===== Dataset excerpts =====

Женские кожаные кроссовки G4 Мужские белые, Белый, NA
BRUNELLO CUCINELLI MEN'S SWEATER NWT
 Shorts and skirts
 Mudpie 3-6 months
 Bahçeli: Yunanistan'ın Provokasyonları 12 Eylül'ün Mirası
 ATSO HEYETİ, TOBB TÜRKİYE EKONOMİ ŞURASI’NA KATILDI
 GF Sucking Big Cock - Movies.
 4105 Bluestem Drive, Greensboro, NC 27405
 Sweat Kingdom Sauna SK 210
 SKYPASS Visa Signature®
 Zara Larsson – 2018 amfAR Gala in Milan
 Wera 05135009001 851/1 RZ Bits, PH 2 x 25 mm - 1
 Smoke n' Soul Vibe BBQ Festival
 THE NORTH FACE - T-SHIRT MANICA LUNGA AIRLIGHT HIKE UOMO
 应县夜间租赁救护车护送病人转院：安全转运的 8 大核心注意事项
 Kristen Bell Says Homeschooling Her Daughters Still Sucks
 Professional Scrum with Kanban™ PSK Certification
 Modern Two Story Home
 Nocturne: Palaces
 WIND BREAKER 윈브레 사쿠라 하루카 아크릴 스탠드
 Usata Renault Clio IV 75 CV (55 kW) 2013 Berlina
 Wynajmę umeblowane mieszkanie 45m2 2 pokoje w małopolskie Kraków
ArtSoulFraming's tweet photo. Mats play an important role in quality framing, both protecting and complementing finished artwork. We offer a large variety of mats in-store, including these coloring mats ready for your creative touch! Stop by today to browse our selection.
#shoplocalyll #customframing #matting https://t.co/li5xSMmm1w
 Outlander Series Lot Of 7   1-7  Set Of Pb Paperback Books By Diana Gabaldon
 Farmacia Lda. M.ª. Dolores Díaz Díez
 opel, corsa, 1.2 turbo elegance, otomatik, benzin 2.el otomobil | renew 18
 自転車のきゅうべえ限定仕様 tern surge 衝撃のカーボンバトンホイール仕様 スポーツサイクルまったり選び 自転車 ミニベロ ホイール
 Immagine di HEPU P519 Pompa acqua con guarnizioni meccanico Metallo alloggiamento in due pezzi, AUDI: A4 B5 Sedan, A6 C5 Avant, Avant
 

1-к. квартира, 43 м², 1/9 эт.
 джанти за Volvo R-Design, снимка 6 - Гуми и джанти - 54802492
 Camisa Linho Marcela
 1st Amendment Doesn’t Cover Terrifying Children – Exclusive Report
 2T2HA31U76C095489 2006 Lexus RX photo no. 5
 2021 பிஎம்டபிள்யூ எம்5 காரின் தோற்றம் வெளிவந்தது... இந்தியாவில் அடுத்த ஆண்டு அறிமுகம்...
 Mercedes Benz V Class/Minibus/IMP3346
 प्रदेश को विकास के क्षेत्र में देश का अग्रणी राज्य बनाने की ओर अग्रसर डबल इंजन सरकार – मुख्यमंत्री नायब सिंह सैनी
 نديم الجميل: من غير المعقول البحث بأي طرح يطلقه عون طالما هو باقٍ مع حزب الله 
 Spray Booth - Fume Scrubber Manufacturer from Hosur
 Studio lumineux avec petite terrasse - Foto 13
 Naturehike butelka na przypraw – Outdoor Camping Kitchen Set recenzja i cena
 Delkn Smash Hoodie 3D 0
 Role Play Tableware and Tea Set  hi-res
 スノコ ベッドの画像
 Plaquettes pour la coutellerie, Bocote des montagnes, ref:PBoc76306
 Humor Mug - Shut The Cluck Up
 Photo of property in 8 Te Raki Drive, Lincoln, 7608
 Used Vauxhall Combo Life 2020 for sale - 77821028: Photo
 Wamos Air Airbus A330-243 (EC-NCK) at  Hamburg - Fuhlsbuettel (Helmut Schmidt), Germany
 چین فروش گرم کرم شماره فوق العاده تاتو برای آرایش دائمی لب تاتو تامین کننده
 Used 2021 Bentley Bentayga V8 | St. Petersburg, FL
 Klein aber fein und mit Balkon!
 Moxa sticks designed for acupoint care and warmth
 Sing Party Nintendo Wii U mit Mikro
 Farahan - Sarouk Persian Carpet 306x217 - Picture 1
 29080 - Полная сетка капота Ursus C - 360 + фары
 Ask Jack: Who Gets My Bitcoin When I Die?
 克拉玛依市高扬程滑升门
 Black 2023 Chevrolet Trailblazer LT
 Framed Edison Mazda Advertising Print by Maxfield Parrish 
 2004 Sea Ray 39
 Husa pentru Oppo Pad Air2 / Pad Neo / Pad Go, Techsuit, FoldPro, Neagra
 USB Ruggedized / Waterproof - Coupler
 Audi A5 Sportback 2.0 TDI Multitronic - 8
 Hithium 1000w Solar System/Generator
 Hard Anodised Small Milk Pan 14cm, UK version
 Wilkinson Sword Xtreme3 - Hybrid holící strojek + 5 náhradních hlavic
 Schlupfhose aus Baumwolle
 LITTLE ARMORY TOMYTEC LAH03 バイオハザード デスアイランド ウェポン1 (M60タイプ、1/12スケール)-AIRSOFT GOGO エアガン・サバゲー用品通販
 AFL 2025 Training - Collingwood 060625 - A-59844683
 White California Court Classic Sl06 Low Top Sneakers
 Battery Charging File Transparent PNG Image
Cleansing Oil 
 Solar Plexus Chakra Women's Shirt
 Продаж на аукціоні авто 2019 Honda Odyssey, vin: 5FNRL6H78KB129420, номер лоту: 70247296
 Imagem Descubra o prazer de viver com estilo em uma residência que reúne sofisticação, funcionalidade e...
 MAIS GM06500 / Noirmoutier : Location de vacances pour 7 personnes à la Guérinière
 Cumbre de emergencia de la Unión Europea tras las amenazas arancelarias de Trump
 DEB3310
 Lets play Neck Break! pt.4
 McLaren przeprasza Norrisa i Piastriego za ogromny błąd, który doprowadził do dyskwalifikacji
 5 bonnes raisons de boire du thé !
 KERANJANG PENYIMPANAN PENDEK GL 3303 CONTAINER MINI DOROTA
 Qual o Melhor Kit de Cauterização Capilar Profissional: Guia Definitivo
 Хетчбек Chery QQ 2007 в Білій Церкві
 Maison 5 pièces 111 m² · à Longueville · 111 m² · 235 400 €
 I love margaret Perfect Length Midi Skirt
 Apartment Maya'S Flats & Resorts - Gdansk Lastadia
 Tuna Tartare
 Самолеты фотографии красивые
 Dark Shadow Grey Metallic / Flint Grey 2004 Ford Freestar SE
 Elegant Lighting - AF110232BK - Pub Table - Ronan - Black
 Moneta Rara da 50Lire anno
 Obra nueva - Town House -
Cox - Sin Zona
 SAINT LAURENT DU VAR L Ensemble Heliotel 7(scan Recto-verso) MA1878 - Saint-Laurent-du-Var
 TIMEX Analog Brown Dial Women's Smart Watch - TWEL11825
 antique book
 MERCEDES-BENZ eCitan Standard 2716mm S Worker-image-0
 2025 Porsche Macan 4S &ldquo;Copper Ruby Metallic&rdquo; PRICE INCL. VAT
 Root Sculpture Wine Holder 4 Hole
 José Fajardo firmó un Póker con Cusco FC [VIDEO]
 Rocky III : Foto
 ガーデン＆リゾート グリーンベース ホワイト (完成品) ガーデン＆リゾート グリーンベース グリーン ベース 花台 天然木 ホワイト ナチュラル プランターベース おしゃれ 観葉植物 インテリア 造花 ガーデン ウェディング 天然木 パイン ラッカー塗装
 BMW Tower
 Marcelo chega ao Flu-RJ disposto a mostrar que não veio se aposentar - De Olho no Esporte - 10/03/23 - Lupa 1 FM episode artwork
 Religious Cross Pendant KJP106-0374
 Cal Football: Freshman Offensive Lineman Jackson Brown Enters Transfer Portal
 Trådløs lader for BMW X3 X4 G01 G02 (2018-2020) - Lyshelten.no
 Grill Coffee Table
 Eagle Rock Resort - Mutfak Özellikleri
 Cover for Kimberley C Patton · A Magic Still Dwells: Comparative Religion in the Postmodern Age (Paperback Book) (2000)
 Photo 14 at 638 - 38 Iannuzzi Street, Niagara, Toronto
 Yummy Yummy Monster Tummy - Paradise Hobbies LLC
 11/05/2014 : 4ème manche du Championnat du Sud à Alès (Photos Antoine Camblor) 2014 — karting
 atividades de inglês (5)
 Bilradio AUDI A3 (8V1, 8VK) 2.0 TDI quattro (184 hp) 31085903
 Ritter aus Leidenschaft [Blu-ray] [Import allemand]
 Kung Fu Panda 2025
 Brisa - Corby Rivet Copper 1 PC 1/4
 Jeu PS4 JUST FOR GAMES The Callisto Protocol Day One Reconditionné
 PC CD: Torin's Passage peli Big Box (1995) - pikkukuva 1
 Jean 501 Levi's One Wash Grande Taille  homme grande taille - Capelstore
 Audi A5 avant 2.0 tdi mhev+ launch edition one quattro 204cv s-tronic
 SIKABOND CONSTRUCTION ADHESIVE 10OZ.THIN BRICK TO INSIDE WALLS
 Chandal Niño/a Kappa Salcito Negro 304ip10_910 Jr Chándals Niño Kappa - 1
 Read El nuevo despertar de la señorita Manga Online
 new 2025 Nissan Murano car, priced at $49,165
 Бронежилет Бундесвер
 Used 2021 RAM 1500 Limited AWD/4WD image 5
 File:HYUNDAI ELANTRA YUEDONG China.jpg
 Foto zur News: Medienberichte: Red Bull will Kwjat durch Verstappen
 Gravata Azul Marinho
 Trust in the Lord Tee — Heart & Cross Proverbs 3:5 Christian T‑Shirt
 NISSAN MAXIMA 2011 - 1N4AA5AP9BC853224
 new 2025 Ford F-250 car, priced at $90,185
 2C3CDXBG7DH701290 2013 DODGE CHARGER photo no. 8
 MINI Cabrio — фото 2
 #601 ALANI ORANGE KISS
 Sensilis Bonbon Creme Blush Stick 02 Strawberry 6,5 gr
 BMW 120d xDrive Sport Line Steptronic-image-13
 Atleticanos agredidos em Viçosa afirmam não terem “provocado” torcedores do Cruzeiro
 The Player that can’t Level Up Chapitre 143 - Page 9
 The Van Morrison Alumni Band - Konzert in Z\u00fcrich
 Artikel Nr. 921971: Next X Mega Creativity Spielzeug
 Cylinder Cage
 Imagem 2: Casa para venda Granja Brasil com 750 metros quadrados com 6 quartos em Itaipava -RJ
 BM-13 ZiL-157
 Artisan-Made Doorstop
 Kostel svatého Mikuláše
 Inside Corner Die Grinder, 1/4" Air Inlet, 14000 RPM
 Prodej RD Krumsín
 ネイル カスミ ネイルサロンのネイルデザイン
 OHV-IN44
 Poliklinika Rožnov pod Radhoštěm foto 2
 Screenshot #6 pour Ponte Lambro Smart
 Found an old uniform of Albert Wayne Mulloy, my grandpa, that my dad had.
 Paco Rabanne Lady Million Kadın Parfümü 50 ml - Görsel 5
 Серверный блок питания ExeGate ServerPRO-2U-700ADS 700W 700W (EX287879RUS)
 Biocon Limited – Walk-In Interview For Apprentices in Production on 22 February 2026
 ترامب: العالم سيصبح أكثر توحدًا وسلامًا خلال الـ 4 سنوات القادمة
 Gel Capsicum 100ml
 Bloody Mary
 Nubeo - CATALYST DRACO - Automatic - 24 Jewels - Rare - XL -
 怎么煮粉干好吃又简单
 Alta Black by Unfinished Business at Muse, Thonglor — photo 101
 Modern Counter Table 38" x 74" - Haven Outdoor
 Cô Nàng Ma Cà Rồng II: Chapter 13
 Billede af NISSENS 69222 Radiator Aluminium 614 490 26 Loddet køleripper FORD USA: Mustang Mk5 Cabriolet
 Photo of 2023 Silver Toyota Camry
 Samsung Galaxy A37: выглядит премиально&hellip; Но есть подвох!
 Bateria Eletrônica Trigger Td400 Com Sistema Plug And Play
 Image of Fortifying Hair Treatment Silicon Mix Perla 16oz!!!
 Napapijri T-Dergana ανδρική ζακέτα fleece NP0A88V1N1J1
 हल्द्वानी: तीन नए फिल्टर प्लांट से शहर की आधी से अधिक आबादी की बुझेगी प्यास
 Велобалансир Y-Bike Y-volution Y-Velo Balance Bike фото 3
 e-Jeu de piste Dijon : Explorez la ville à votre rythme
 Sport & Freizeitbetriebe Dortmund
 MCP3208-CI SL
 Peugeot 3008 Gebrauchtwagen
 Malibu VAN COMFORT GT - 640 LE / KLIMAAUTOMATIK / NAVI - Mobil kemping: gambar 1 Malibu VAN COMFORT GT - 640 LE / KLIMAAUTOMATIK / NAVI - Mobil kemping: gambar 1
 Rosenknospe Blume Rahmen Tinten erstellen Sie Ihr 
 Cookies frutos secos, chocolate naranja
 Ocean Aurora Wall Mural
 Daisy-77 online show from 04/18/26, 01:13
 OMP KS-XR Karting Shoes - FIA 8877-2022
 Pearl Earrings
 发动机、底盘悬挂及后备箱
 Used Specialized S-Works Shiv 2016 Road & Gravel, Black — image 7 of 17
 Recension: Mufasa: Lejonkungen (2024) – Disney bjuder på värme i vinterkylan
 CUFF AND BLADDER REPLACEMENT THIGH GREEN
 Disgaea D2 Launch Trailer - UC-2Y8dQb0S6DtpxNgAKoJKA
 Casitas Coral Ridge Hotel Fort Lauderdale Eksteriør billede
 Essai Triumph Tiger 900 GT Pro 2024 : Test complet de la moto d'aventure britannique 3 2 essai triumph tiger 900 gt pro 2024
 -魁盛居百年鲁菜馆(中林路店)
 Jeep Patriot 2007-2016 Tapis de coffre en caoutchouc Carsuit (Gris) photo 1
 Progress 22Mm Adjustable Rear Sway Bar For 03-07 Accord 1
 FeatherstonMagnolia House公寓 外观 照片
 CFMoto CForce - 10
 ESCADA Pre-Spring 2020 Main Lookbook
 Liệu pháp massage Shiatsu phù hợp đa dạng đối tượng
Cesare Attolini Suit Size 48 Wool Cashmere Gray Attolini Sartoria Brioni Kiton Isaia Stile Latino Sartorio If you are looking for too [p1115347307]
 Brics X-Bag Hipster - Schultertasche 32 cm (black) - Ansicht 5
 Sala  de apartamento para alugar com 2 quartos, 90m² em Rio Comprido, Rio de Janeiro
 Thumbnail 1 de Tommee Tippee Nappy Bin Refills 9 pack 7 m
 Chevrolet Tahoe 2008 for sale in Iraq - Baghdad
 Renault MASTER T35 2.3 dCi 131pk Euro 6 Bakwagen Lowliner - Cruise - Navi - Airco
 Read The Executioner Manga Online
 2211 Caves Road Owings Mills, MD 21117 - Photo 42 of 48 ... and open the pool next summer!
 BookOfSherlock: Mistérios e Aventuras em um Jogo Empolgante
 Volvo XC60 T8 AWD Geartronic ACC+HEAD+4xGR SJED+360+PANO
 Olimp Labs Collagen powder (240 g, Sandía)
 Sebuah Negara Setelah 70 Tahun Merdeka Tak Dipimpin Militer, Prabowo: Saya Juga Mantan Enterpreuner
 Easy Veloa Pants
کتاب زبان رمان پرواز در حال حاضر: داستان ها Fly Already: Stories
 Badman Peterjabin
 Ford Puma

=====

**Assignment:**
From the records above, repeat exactly the lines from the one with "Inside Corner Die" through the one with "Paco Rabanne Lady", both included.

**Finished exercise:**
 Inside Corner Die Grinder, 1/4" Air Inlet, 14000 RPM
 Prodej RD Krumsín
 ネイル カスミ ネイルサロンのネイルデザイン
 OHV-IN44
 Poliklinika Rožnov pod Radhoštěm foto 2
 Screenshot #6 pour Ponte Lambro Smart
 Found an old uniform of Albert Wayne Mulloy, my grandpa, that my dad had.
 Paco Rabanne Lady Million Kadın Parfümü 50 ml - Görsel 5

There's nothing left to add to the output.